══ THE RECORDS ══
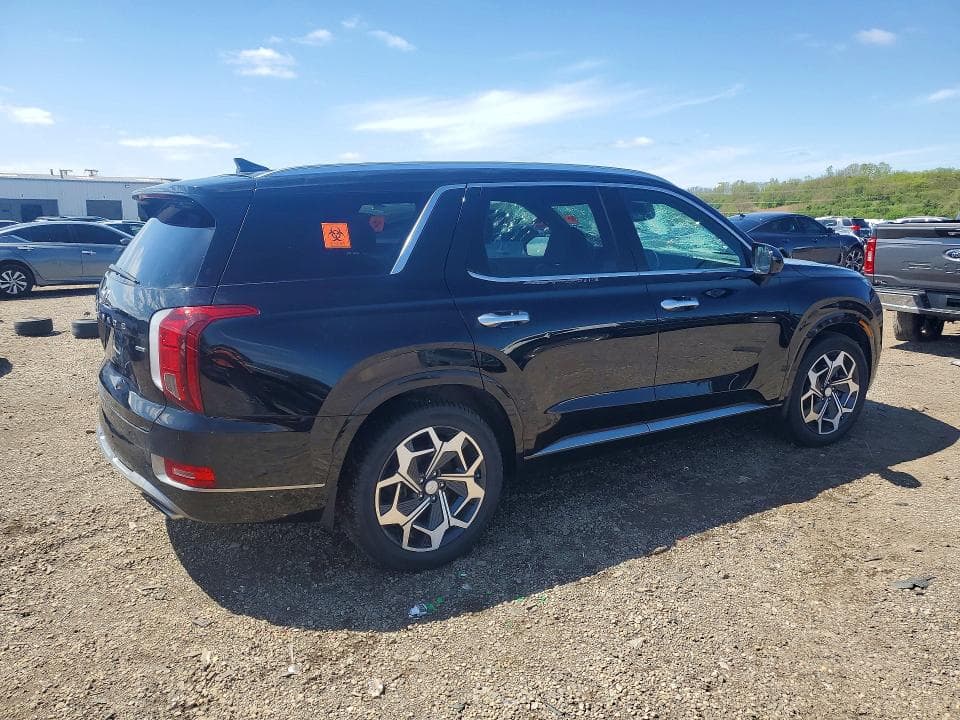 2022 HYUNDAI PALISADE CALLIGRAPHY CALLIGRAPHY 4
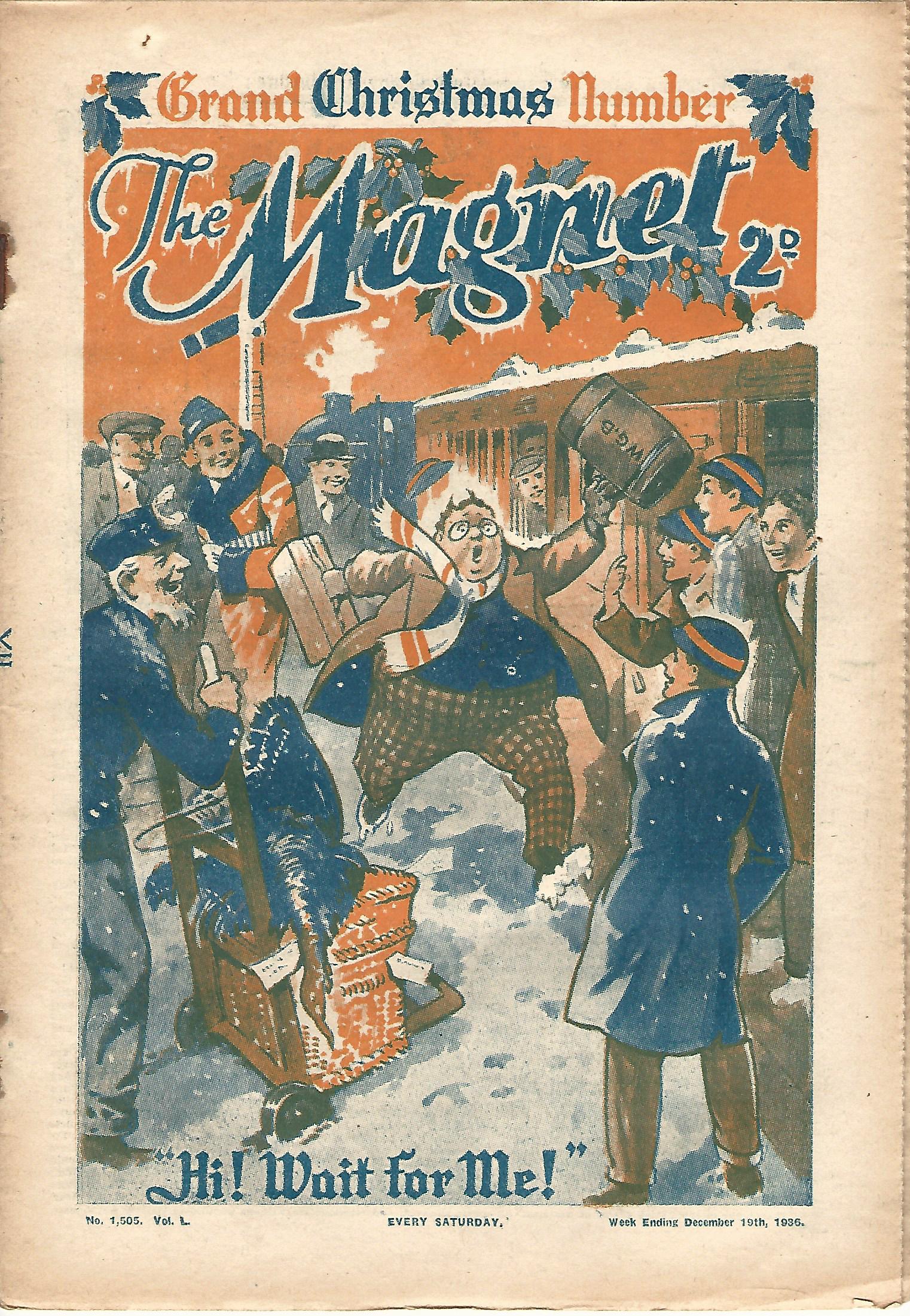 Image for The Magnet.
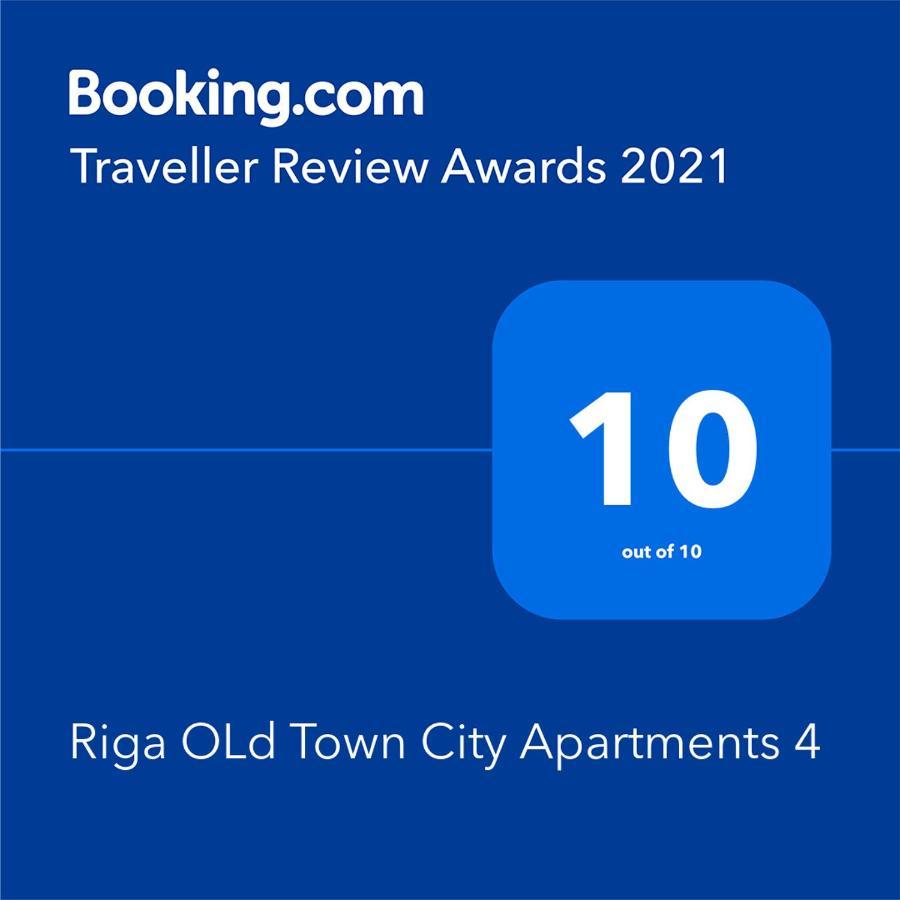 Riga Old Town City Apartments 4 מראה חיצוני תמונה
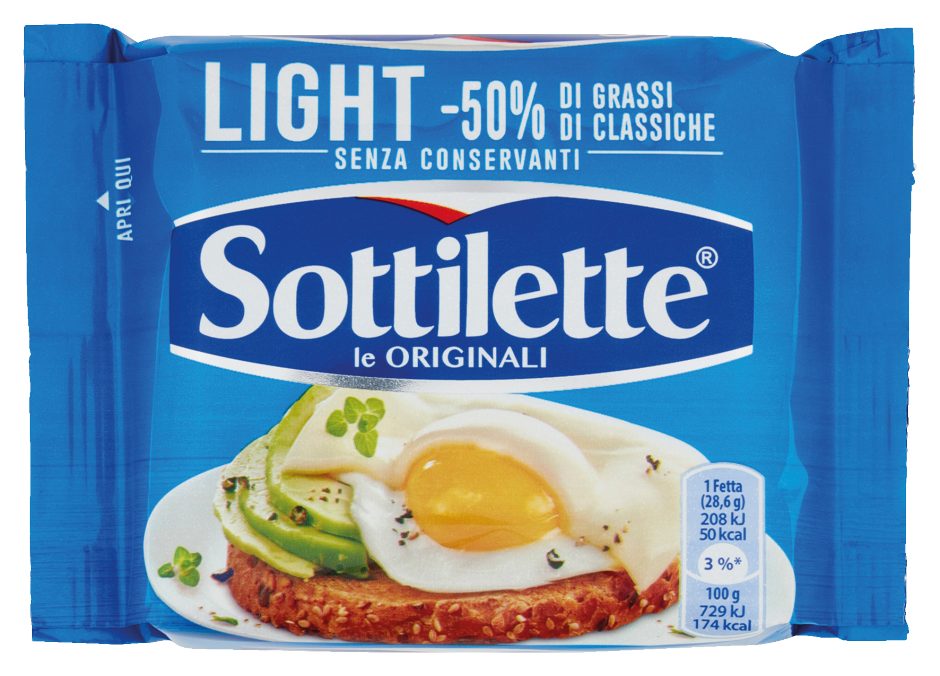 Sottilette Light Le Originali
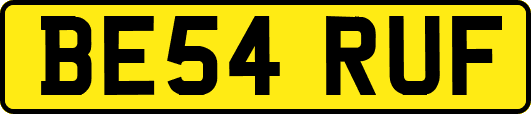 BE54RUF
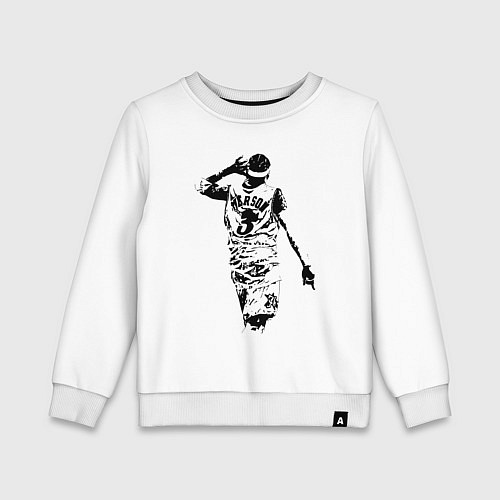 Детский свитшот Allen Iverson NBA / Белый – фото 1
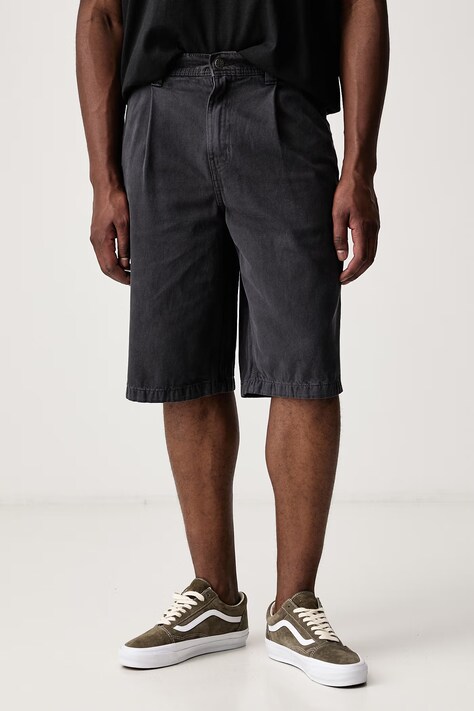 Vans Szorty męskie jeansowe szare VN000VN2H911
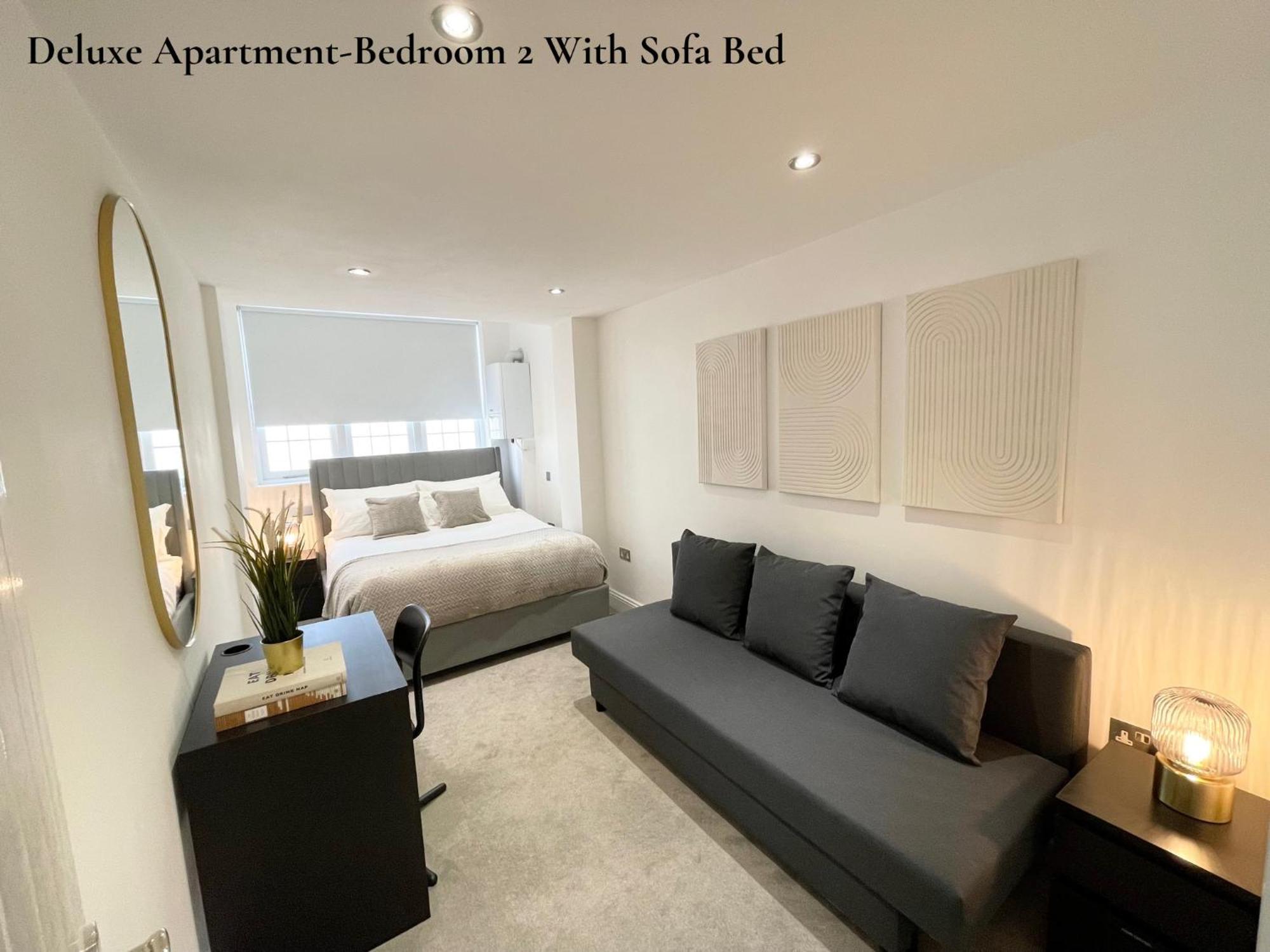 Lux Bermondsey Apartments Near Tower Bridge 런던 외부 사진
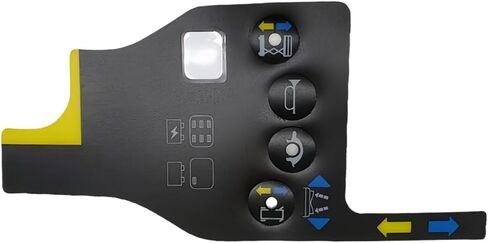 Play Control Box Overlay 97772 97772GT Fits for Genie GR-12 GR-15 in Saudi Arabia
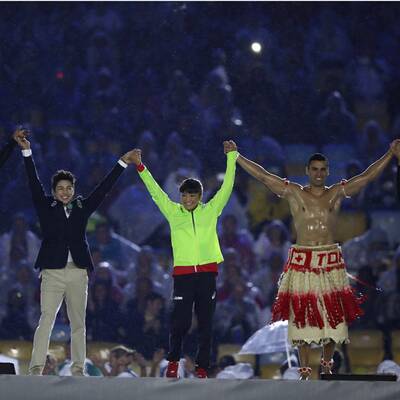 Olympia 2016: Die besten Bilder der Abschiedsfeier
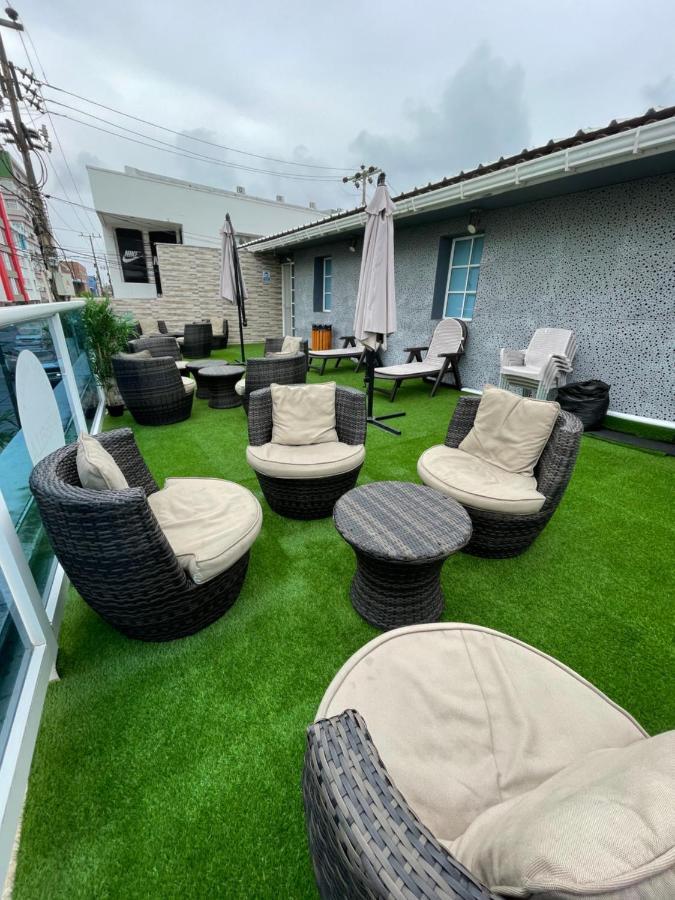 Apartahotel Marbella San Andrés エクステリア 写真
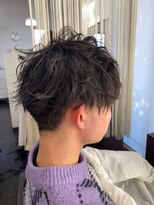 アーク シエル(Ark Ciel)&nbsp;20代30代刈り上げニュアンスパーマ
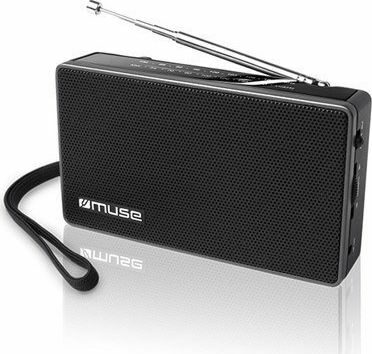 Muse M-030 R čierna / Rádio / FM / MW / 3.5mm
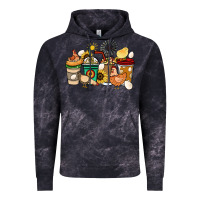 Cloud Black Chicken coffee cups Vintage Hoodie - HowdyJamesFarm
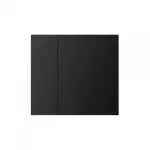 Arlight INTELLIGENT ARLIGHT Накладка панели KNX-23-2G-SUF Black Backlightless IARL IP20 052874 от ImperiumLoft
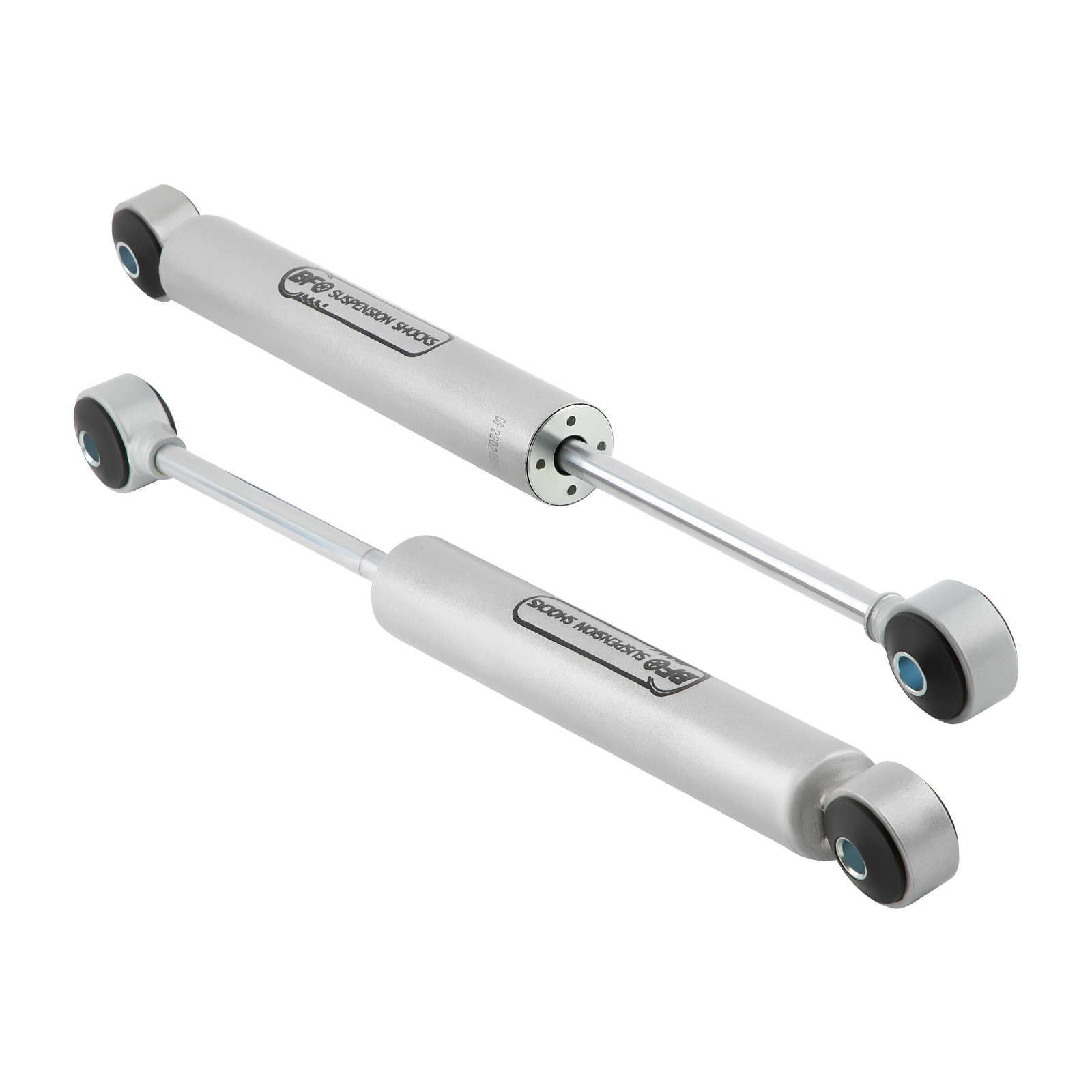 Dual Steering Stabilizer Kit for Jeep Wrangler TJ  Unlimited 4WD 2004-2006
═══
# TASK ITEM
Please make an exact copy of the records, leaving out any picture.

# RESULT OF THIS TASK
 2022 HYUNDAI PALISADE CALLIGRAPHY CALLIGRAPHY 4
 Image for The Magnet.
 Riga Old Town City Apartments 4 מראה חיצוני תמונה
 Sottilette Light Le Originali
 BE54RUF
 Детский свитшот Allen Iverson NBA / Белый – фото 1
 Vans Szorty męskie jeansowe szare VN000VN2H911
 Lux Bermondsey Apartments Near Tower Bridge 런던 외부 사진
 Play Control Box Overlay 97772 97772GT Fits for Genie GR-12 GR-15 in Saudi Arabia
 Olympia 2016: Die besten Bilder der Abschiedsfeier
 Apartahotel Marbella San Andrés エクステリア 写真
 アーク シエル(Ark Ciel)&nbsp;20代30代刈り上げニュアンスパーマ
 Muse M-030 R čierna / Rádio / FM / MW / 3.5mm
 Cloud Black Chicken coffee cups Vintage Hoodie - HowdyJamesFarm
 Arlight INTELLIGENT ARLIGHT Накладка панели KNX-23-2G-SUF Black Backlightless IARL IP20 052874 от ImperiumLoft
 Dual Steering Stabilizer Kit for Jeep Wrangler TJ  Unlimited 4WD 2004-2006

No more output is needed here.